Mista Jaycee, I didn't go to my 10 year reunion because....I just didn't want to. I had reunited with a ton of people via myspace and then facebook so my reasoning was/is, I didn't need a reunion LOL

MPH, I was almost to the point of giving up on friendships but then I realized how unfair that is to the people who ACTUALLY are GREAT friends. A few "bad" situations couldn't make me outweigh those who still mattered so I reevaluated my thinking and decided differently. Not saying you have to do that but it helped me out TREMENDOUSLY. I just set up boundaries that I didn't have before and it works out better for me; if people can't deal with that, then we can't be friends. Doesn't always mean we have to not like each other...just means they aren't a priority in my life anymore.

*stacie-ann said...

mm i loved it. & i actually read the whole thing. no seriously, you are on point 100%. I'm still young but, there are just certain people who I ONCE considered friends that I can barely stand to be in the same room with & it was supposed to be a "Best Friends Forever" type thing. but my Idea of a friend is exactly what yours is. I want a friend who'll be honest with me & in turn I can be honest wit them.

i dont want to post another blog within your blog, so..yeah. I feeeeeeeel you girl!


&& Yay, were both pregnant. I'm having a boy tho' && I'm glad to hear your baby has changed your whole life as much as mine has for me.

jeanette nicole* said...

When you're a kid growing up and you have your best friends, not a day goes by that you think "oh, we're all going to grow apart so let me cherish this friendship while I can".

God if this isn't the truth I dunno what is! This was my modus operandi for most of my life until I realized that some friendships are fleeting. I still have my moments when I wish I could call up so & so to chat about [insert inane topic here], but I know even reaching out to contact would be fruitless. Learning to let go is a hard lesson that I am still struggling with learning...

NaturallyAlise said...

I am going through a bit of "friend remodeling" right now, and just as you get older you evaluate the meaning of each person in your life.
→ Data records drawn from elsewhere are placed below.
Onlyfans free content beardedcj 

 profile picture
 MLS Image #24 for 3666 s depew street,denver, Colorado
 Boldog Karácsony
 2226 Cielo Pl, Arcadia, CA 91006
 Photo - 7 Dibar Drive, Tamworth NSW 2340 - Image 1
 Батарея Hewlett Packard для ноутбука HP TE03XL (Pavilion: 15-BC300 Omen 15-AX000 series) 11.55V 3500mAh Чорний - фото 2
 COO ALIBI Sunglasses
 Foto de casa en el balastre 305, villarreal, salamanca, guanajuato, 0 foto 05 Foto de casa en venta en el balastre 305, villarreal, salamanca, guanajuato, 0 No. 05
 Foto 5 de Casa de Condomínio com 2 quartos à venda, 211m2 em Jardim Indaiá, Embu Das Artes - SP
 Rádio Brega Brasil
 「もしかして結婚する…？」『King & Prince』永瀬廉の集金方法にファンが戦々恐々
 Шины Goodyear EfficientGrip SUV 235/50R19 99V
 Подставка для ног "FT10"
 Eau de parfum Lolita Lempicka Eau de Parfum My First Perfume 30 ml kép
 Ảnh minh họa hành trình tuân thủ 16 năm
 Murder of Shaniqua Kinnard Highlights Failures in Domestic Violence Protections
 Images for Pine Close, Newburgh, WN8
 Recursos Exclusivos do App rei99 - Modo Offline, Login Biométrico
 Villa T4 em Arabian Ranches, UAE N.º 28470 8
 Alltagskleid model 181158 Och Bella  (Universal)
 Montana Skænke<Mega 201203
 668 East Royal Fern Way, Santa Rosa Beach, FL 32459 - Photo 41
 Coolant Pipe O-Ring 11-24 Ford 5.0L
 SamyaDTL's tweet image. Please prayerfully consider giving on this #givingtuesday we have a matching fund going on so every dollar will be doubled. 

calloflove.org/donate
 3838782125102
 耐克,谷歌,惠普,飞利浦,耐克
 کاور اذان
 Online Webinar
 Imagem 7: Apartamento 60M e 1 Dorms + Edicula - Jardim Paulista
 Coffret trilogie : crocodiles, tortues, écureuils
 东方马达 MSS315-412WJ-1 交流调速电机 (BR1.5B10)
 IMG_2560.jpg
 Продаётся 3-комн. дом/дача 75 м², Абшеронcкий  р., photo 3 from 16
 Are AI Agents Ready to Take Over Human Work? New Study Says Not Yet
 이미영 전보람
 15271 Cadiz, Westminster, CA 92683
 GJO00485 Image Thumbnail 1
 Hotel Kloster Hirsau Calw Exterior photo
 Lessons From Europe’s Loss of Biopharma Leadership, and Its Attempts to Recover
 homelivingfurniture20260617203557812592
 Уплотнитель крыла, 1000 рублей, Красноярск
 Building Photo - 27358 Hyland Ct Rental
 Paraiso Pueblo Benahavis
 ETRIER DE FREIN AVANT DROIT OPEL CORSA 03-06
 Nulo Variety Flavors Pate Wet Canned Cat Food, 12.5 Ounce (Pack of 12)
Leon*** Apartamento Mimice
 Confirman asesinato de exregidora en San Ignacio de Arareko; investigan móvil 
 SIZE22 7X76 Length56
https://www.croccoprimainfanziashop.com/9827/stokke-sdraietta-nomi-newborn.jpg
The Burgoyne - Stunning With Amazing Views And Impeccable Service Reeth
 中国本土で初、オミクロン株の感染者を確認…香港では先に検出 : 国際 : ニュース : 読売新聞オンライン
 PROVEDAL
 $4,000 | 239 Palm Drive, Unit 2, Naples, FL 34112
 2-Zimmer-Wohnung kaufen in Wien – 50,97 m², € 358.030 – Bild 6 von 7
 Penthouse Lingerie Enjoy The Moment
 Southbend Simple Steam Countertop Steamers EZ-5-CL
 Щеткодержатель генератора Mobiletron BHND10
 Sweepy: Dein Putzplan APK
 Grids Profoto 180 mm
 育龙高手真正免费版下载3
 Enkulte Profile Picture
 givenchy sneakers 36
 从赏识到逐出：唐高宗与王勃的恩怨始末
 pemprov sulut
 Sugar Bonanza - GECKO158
Sometimes the emotions get in the way, but in the end you make the right choices in order to grow and be happy... glad that is something you see... :)

mr. nichols said...

wow. 17 days to go. it's going to go by so fast too. this was interesting because i always hear from women about the whole falling out thing. for men, it never seems to be like this. not any that i know anyway, even though i'm sure they exist. i might deal with somebody less than before, but that's about it. but indeed, priorities do change, like seasons, and friendships.